Write code to execute task A in parallel 10 times, and call task B only after task A has finished executing 10 times

Hello, I am writing code to do the following:
Execute task A in parallel 10 times, and call task B only after task A has finished executing 10 times.
The way I thought of going about this is to have a for loop, with each iteration executing in parallel. But I do not get the expected output.

 
module fork_join;
  
  event a;
  task A(input int i);
    $display("Task A. Time = %0t, i = %0d", $time, i);
  endtask
  
  task B(i);
    $display("Task B. Time = %0t, i = %0d", $time, i);
  endtask
  
  initial begin
    for(int j = 0; j < 10; j++) begin
      fork
        A(j);
      join_none
    end
    ->a;
    
    @(a);
    B(2);
  end
    
endmodule

Now when I run this code, I get the following output:

Task A. Time = 0, i = 10

repeated 10 times.
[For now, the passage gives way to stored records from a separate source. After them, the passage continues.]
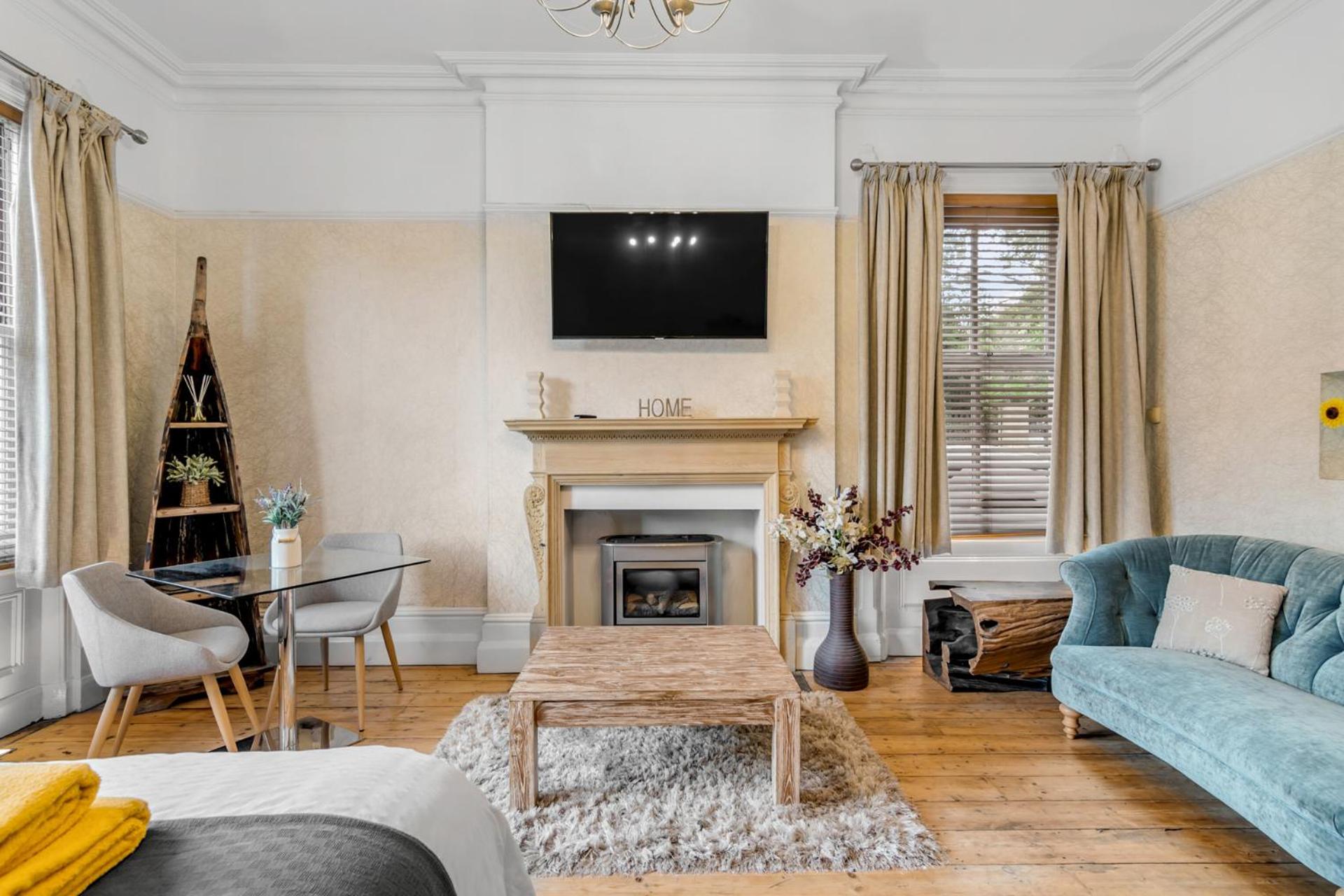 Brooklyn Villa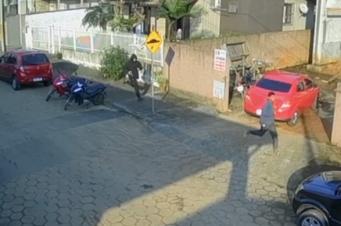 Bandidos armados roubam loja em Içara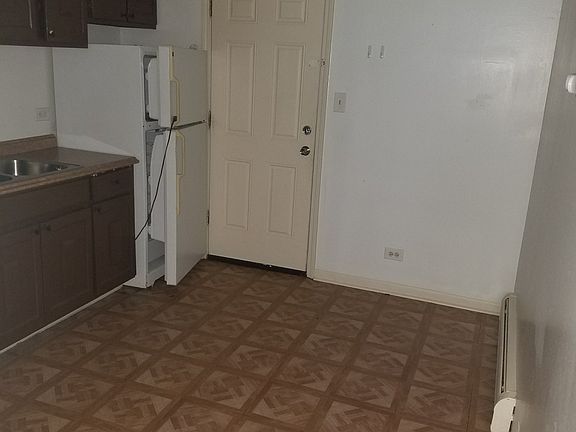 5th image of 9962 Holly Ln APT 1S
But what I should be seeing is the value of i having the values 0 to 9 with each iteration of the for loop executed in parallel. How can I go about this?
Moreover, I see time = 0 being displayed 10 times even without the fork join. I realize this is because they are under one initial block which executes at time 0. But how can I actually see whether they execute in parallel or not if time = 0 prints for all iterations with and without the fork?

In reply to vk7715:
Actually I am puzzled. Wrote this modified model.
What is weird is that the task is called 2 times with j==0 and then j==1
but it executes with j==1 and j==2
I used breakpoints and step-into to verify the actions.
Why?

 
module m;
  // event a;
  bit [0:9] done;
  task automatic A(input int i);
    $display("Task A. Time = %0t, i = %0d", $time, i);
    done[i] = 1;
  endtask

  task automatic B(i);
    $display("Task B. Time = %0t, i = %0d", $time, i);
  endtask

  task automatic t();
    for (int j = 0; j <= 1; j++) begin
      #10; 
      fork
        A(j);
      join_none
    end
  endtask

  initial begin
    t();
    $display("sent t()");
    wait (done == 10'b00_0000_0011);
    $display("done=%b", done);

    // @(a);
    B(2);
  end

endmodule


SIm results 
run -all
# Task A. Time = 10, i = 1
# sent t()
# Task A. Time = 20, i = 2
# exit

In reply to vk7715:

fork/join_none does not start any processes until the parent process suspends or terminates.



module fork_join;
  
  event a;
  task A(input int i);
    $display("Task A. Time = %0t, i = %0d", $time, i);
  endtask
  
  task B(i);
    $display("Task B. Time = %0t, i = %0d", $time, i);
  endtask
  
  initial begin
    for(int j = 0; j < 10; j++) begin
      fork
        A(j);
      join_none
      #0;
    end
    ->a;
    
    @(a);
    B(2);
  end
    
endmodule


In reply to rag123:
For some reason task B is not executed.

This works


module m;
  // event a;
  bit [9:0] done;
  task automatic A(input int i);
    $display("Task A. Time = %0t, i = %0d", $time, i);
    done[i] = 1;
  endtask

  task automatic B(i);
    $display("Task B. Time = %0t, i = %0d", $time, i);
  endtask

  /* task automatic t();
    for (int j = 0; j <= 1; j++) begin
      #10; 
      fork
        A(j);
      join_none
    end
  endtask */ 
  task automatic t();
    for (int j = 0; j <= 9; j++) begin
      int k = j;
      // #10;
      fork
        begin
          $display("j %0d k %0d ",j,k);
          A(k);
        end
      join_none
    end
  endtask

  initial begin
    t();
    $display("sent t()");
    // wait (done == 10'b00_0000_0011);
    @ (done == 10'b11_1111_1111);
    $display("done=%b", done);

    // @(a);
    B(2);
  end

endmodule

In reply to ben@SystemVerilog.us:

Hi Ben, thanks for your answer. But how would I truly know if all the 10 iterations executed in parallel at the same time? I ask this because since the task is called inside an initial block which takes a simulation time of 0, wouldn’t all 10 iterations complete in time 0 irrespective of the fork join_none?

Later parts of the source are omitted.